▸ Dataset records
####################
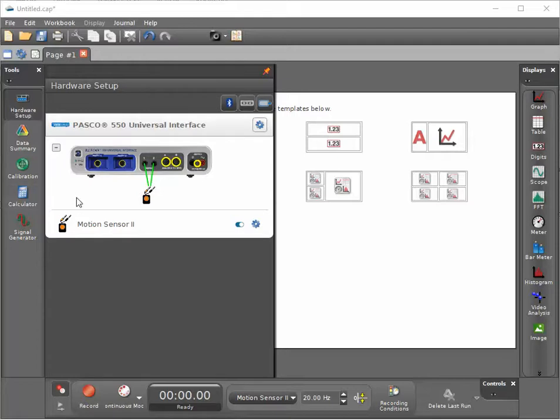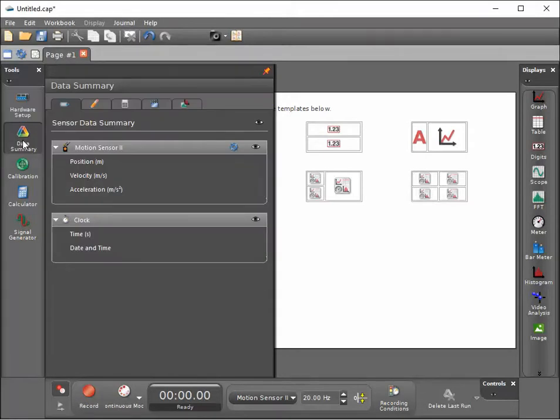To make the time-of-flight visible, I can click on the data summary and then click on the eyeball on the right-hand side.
####################
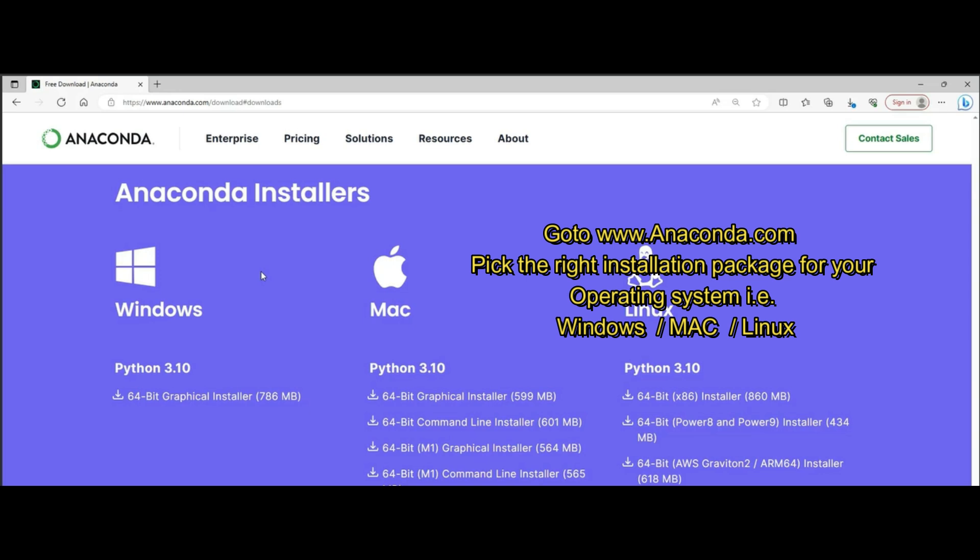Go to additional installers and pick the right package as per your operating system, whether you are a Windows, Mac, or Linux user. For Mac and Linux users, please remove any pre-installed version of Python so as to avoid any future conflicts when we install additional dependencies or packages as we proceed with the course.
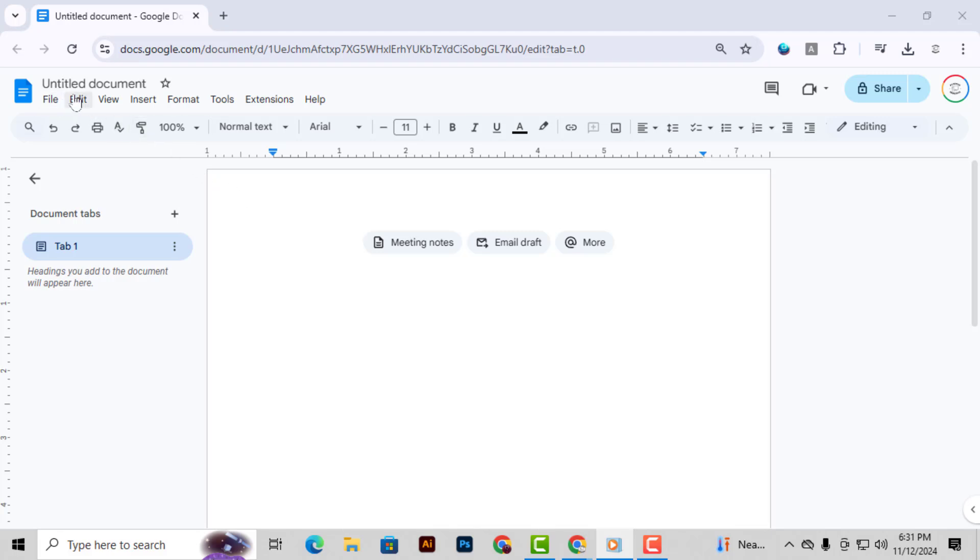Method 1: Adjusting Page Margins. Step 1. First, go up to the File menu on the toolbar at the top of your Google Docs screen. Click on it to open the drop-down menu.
####################
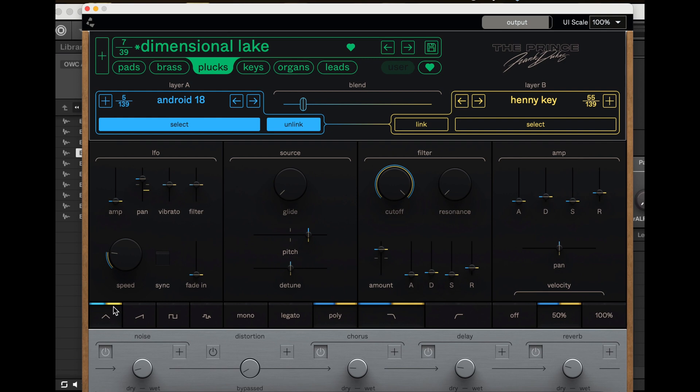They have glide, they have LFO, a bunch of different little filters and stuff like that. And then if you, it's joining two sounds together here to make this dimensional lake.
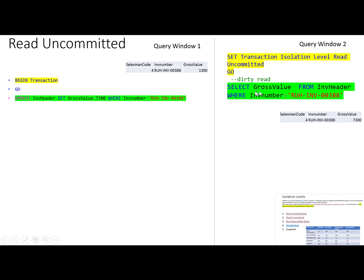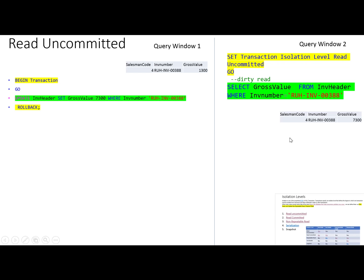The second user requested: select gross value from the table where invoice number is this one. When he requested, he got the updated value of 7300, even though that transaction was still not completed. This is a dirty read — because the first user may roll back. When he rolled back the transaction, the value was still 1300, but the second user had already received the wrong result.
####################
▸ Task instructions
Your reply should hold nothing but the lines above, from the one containing "Go to additional" to the one containing "Method 1: Adjusting", reproduced exactly minus the pictures.

▸ Task result
Go to additional installers and pick the right package as per your operating system, whether you are a Windows, Mac, or Linux user. For Mac and Linux users, please remove any pre-installed version of Python so as to avoid any future conflicts when we install additional dependencies or packages as we proceed with the course.
Method 1: Adjusting Page Margins. Step 1. First, go up to the File menu on the toolbar at the top of your Google Docs screen. Click on it to open the drop-down menu.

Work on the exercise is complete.